Image-caption web data:
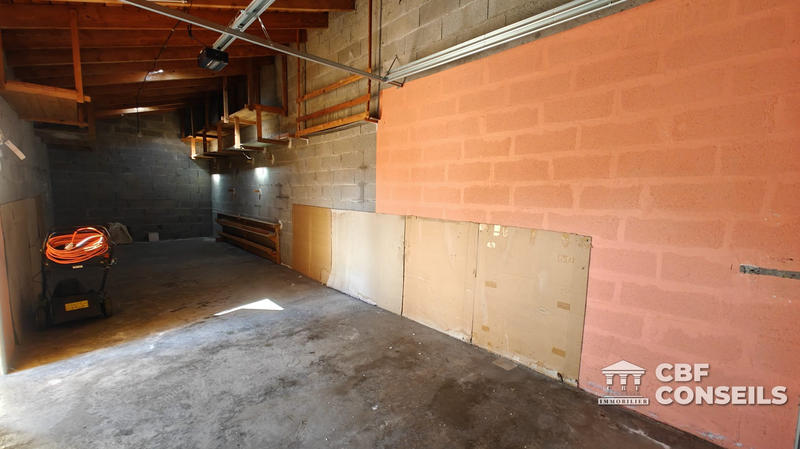 Maison - 67 m² - 3 pièces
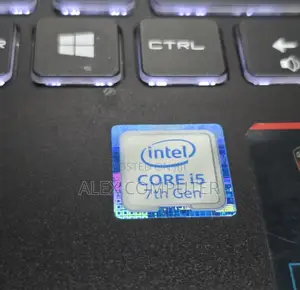 New Laptop MSI GF63 8GB Intel Core I5 SSD 512GB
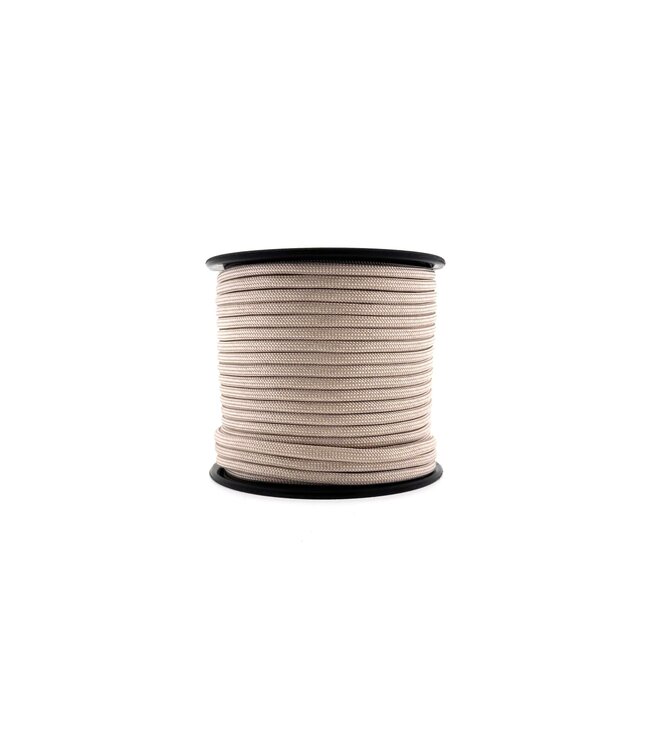 Paracord 550 typ III Pearl Rose-30 mtr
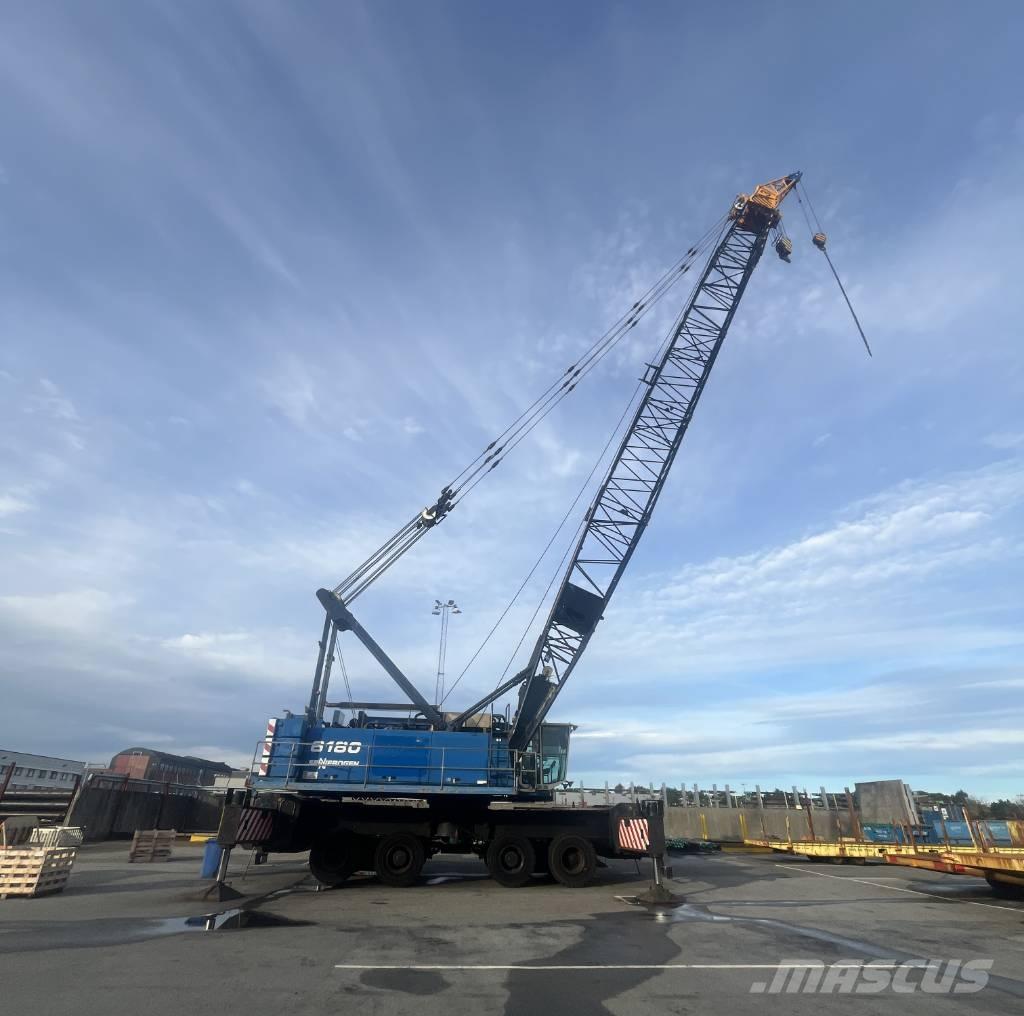 Sennebogen 6180 HDSL Żurawie portowe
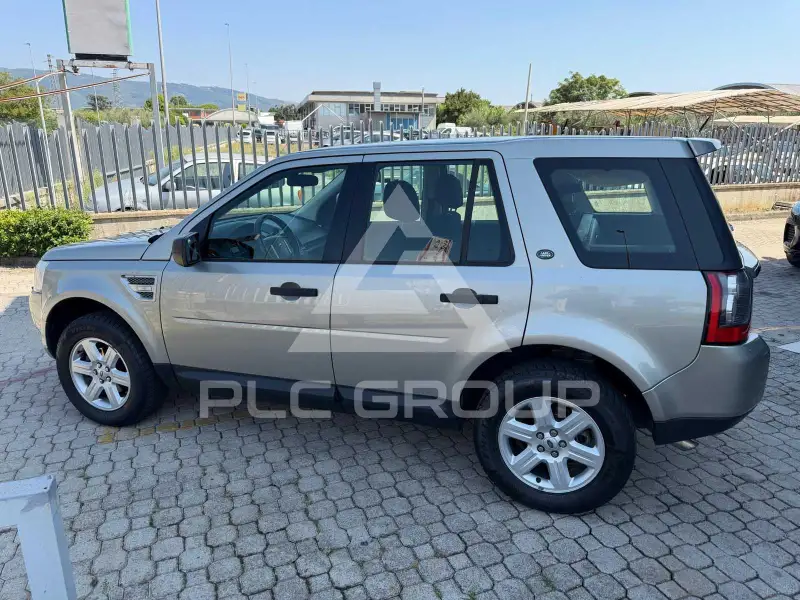 2012 Land Rover Freelander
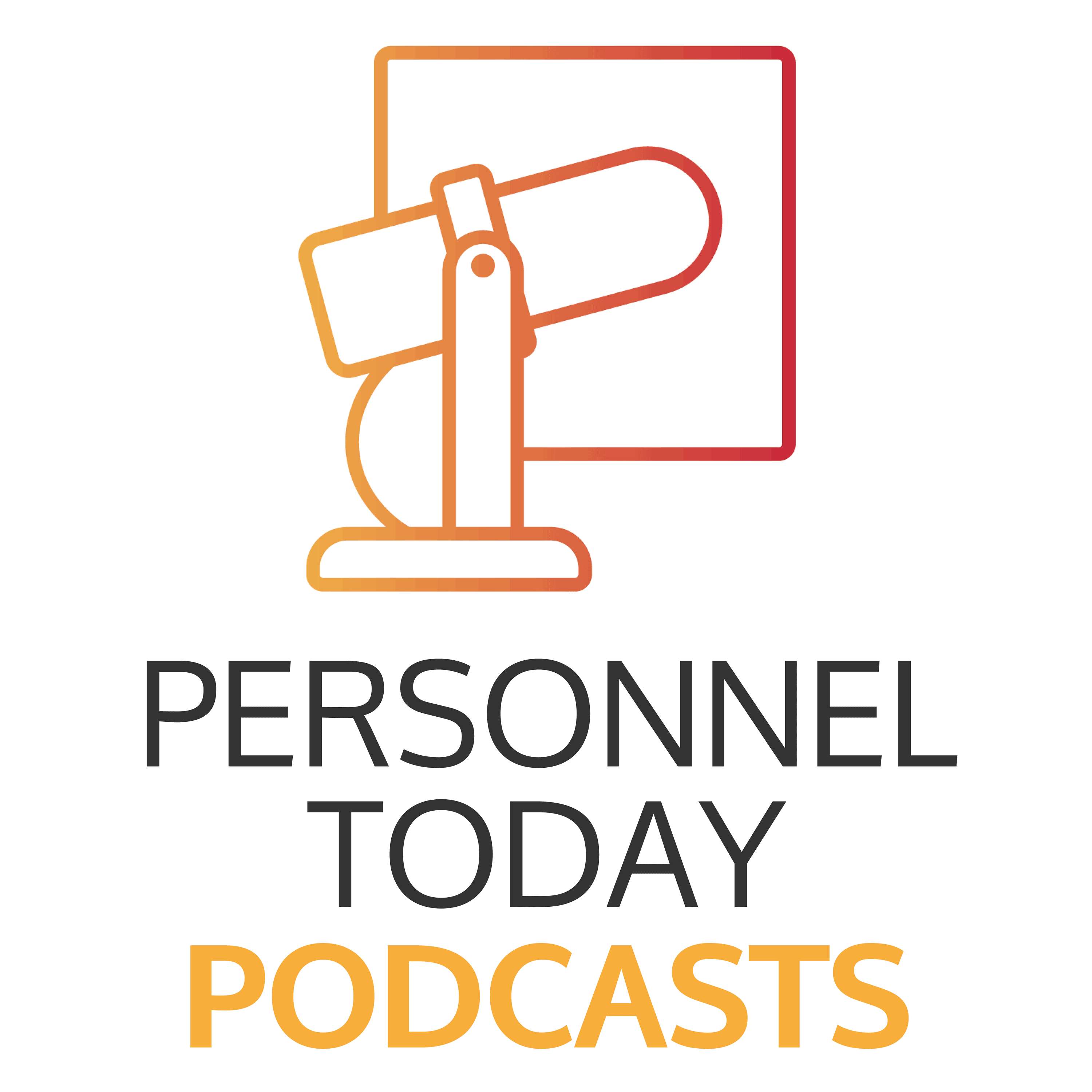 Personnel Today HR Podcast cover art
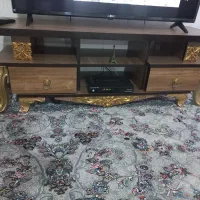 اینه کنسول و میز تلویزیون|بوفه، ویترین، کنسول|سنندج, |دیوار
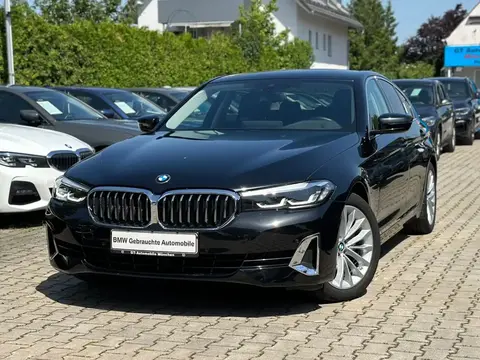 Annonce BMW SERIE 5 Diesel 2021 d'occasion 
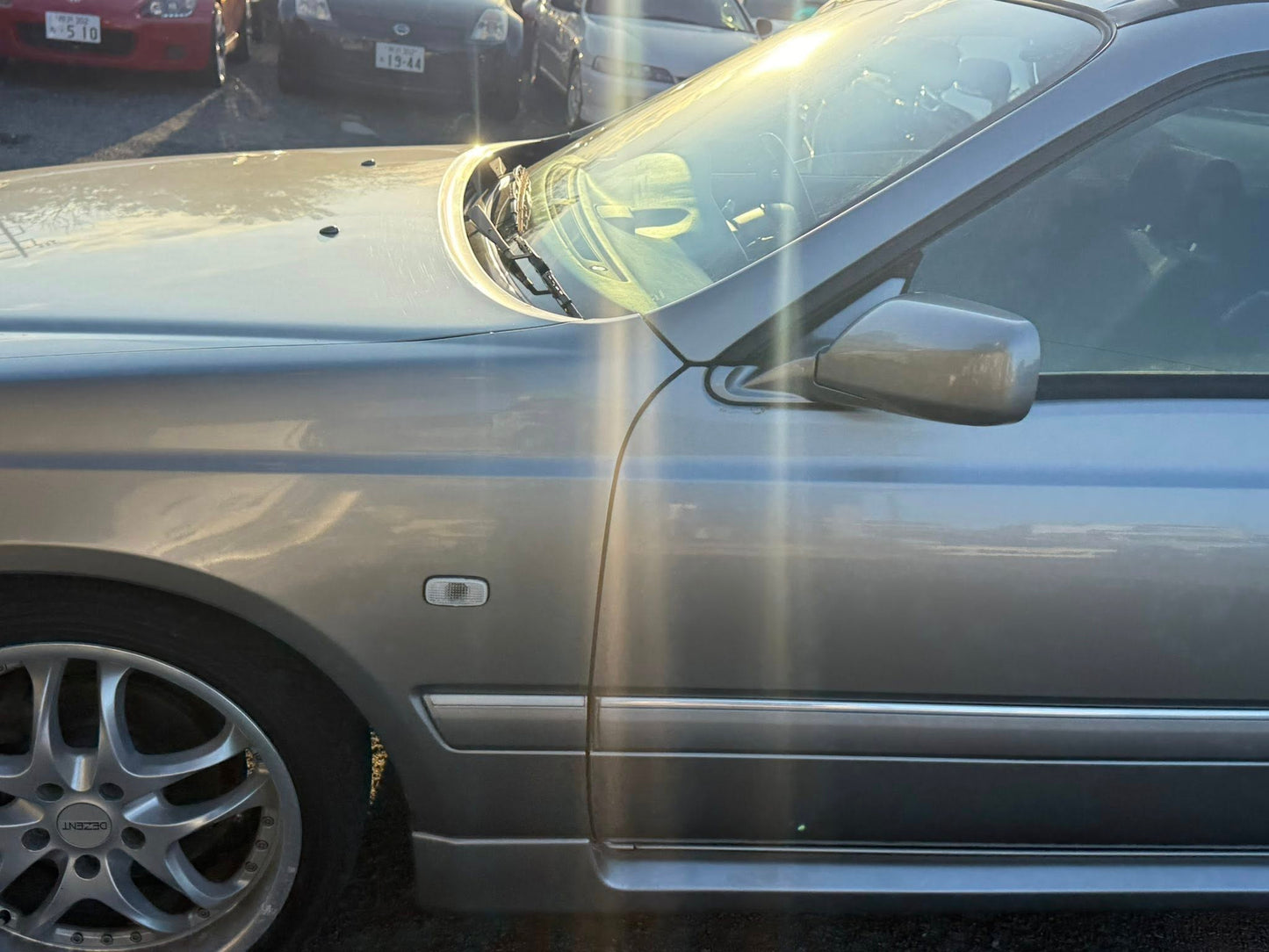 1996 Nissan Stagea RS-FOUR V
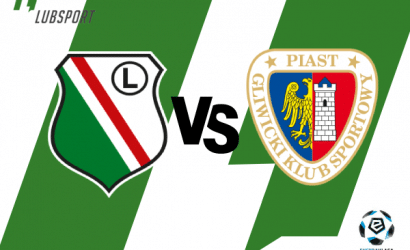 Legia &ndash; Piast typy, zapowiedź i transmisja na żywo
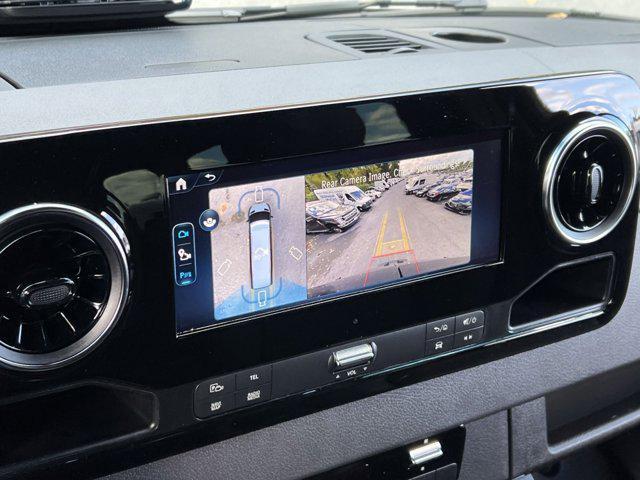 new 2026 Mercedes-Benz Sprinter 2500 car, priced at $89,733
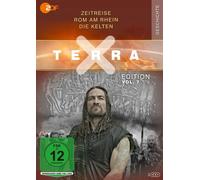 TERRA X - EDITION VOL.7: ZEITREISE/ROM AM RHEIN/DIE KELTEN 3 DVD NEUF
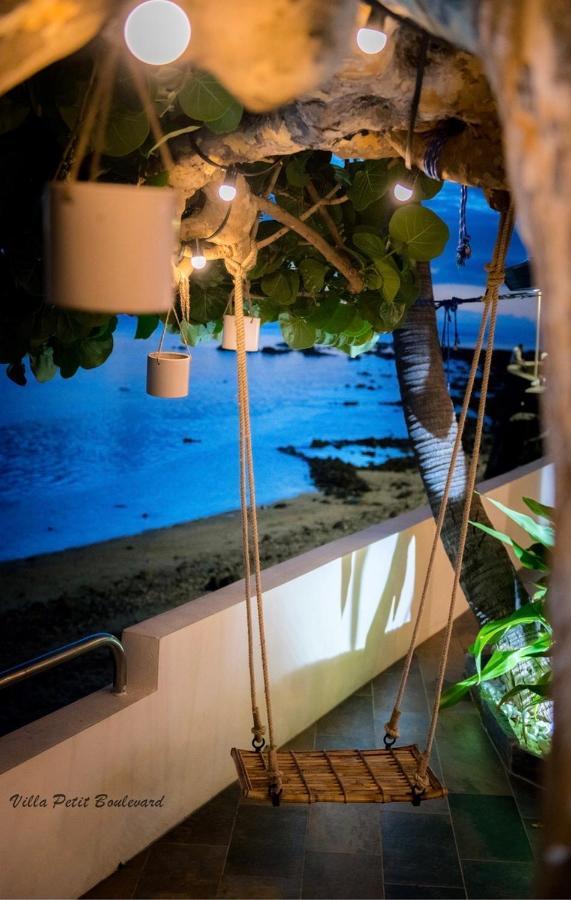 Villa Petit Boulevard De La Plage Saint Pierre Esterno foto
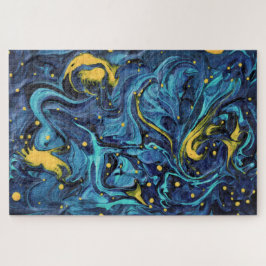 Kanalisera Van Gogh Pussel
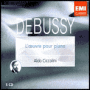 Debussy: Works for Piano
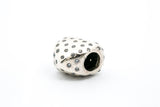 Pandora ALE Sparkle of Love Valentine Heart Bead 925 Sterling Silver Charm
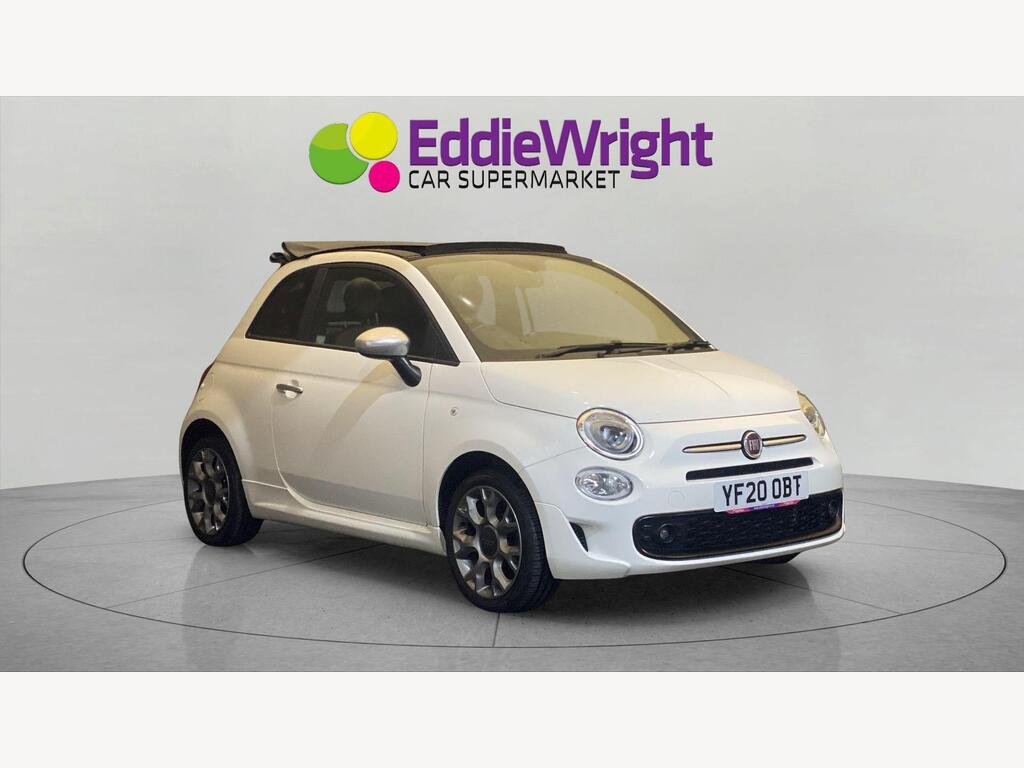 Fiat 500C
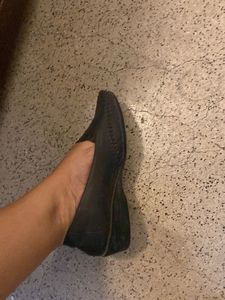 Bata Loafers - Size 36 UK3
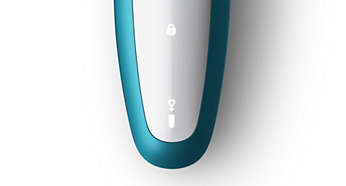 Intuicyjny wyświetlacz ułatwia korzystanie z funkcji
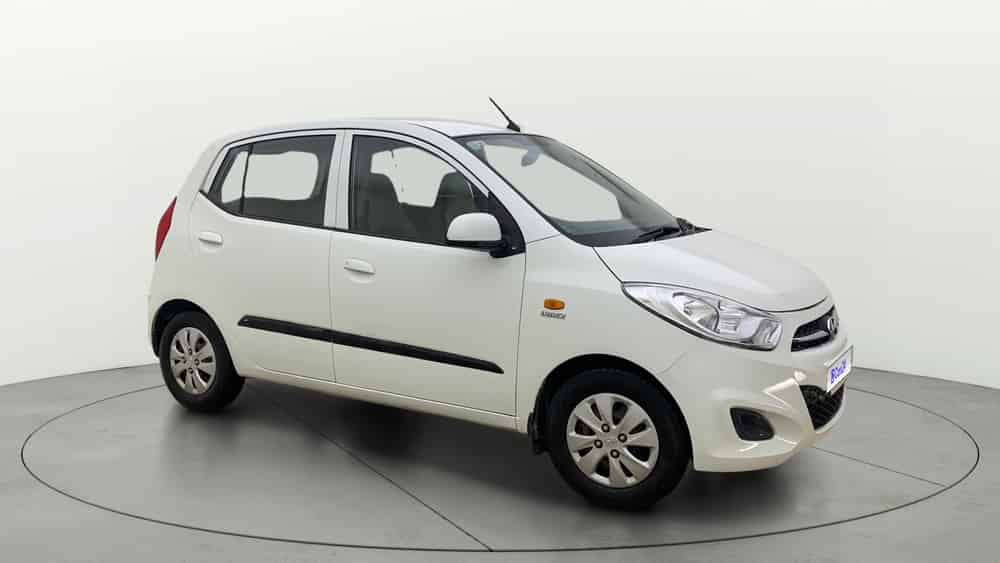 2013 Hyundai i10 MAGNA 1.1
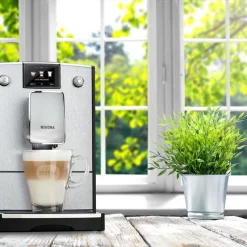 NIVONA - NICR 769 - Silver Line - Kaffeevollautomat + 1 Kg Kaffee GRATIS! 32 NIVONA - NICR 769 - Silver Line - Kaffeevollautomat + 1 Kg Kaffee GRATIS! -Kaffee Verkäufe 36a45a6d033d0cce3b75927cfbe3c1c4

▶ Exercise brief
I need the entries printed exactly, with each picture left out.

▶ Finished task
 Maison - 67 m² - 3 pièces
 New Laptop MSI GF63 8GB Intel Core I5 SSD 512GB
 Paracord 550 typ III Pearl Rose-30 mtr
 Sennebogen 6180 HDSL Żurawie portowe
 2012 Land Rover Freelander
 Personnel Today HR Podcast cover art
 اینه کنسول و میز تلویزیون|بوفه، ویترین، کنسول|سنندج, |دیوار
 Annonce BMW SERIE 5 Diesel 2021 d'occasion 
 1996 Nissan Stagea RS-FOUR V
 Legia &ndash; Piast typy, zapowiedź i transmisja na żywo
 new 2026 Mercedes-Benz Sprinter 2500 car, priced at $89,733
 TERRA X - EDITION VOL.7: ZEITREISE/ROM AM RHEIN/DIE KELTEN 3 DVD NEUF
 Villa Petit Boulevard De La Plage Saint Pierre Esterno foto
 Kanalisera Van Gogh Pussel
 Debussy: Works for Piano
 Pandora ALE Sparkle of Love Valentine Heart Bead 925 Sterling Silver Charm
 Fiat 500C
 Bata Loafers - Size 36 UK3
 Intuicyjny wyświetlacz ułatwia korzystanie z funkcji
 2013 Hyundai i10 MAGNA 1.1
 NIVONA - NICR 769 - Silver Line - Kaffeevollautomat + 1 Kg Kaffee GRATIS! 32 NIVONA - NICR 769 - Silver Line - Kaffeevollautomat + 1 Kg Kaffee GRATIS! -Kaffee Verkäufe 36a45a6d033d0cce3b75927cfbe3c1c4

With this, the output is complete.